Prove that the points A(-2,-1), B(1,0), C(4,3) and D(1,2) are the vertices of a parallelogram ABCD.

Answer 1

Hint: Start by drawing the diagram, followed by proving DC is parallel to AB and AD is parallel to BC. If each pair of opposite sides of a quadrilateral is parallel, then the quadrilateral is a parallelogram. You must use the slopes of the edges of the parallelogram to show that they are parallel.

Complete step-by-step answer:
Let us start by drawing the diagram for a better visualisation of the situation given in the question.

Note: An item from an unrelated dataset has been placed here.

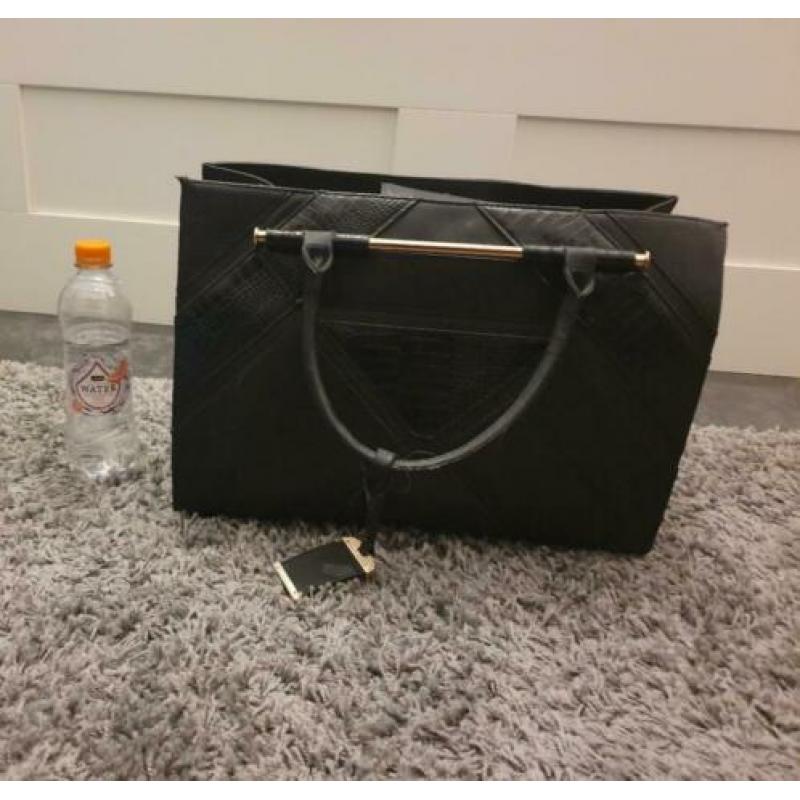 Grote zwarte shopper handtas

Now to start with the question, we will try to prove that AD is parallel to BC and AB is parallel to DC. So, let us first find the slope of all the four edges.
We know, the slope of a line passing through points $\left( {{x}_{1}},{{y}_{1}} \right)\text{ and }\left( {{x}_{2}},{{y}_{2}} \right)$ is given by $\dfrac{{{y}_{2}}-{{y}_{1}}}{{{x}_{2}}-{{x}_{1}}}$ .
Therefore, the sole of:
\[\begin{align}
  & {{m}_{AD}}=\dfrac{2-(-1)}{1-(-2)}=\dfrac{3}{3}=1 \\
 & {{m}_{AB}}=\dfrac{0-(-1)}{1-(-2)}=\dfrac{1}{3} \\
 & {{m}_{DC}}=\dfrac{3-2}{4-1}=\dfrac{1}{3} \\
 & {{m}_{BC}}=\dfrac{3-0}{4-1}=\dfrac{3}{3}=1 \\
\end{align}\]
Now, we know that two lines are parallel, if their slopes are equal. So, from the above results, we can see that the slope of BC is equal to the slope of AD. Also, the slope of AB is equal to the slope of DC. So, we can conclude that AD || BC and AB || DC. As we have shown that each pair of opposite sides of the quadrilateral ABCD is parallel, so the quadrilateral ABCD is a parallelogram.

Note: It is prescribed that you learn all the identities related to a straight line and its slopes, especially be careful with the formula of the slope as students generally get confused about the denominator and numerator of the formula. Also, learn the properties of parallelograms, including squares, as they might also be needed for solving such problems as we used in the above question.